### Task goal
In the data below, find the line containing "Setter inglese cucciolo" and the line containing "Apache Tomcat Servlet/JSP", then reproduce them and every line between, exactly. Omit pictures.

### Exercise data
-=-=-

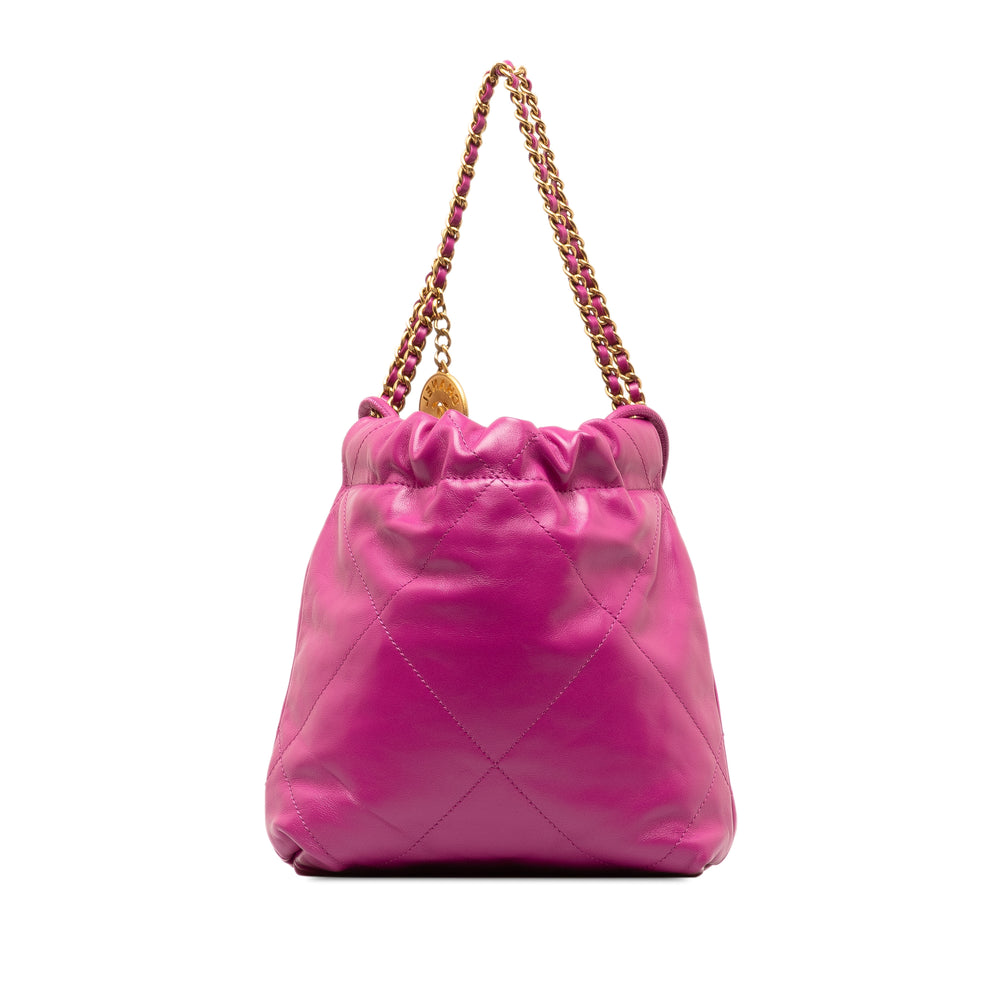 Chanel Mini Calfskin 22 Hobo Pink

-=-=-

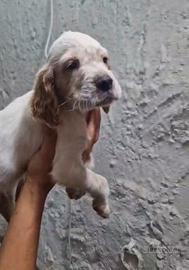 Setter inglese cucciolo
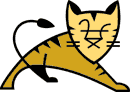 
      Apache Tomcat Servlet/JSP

-=-=-

### Task solution
 Setter inglese cucciolo
      Apache Tomcat Servlet/JSP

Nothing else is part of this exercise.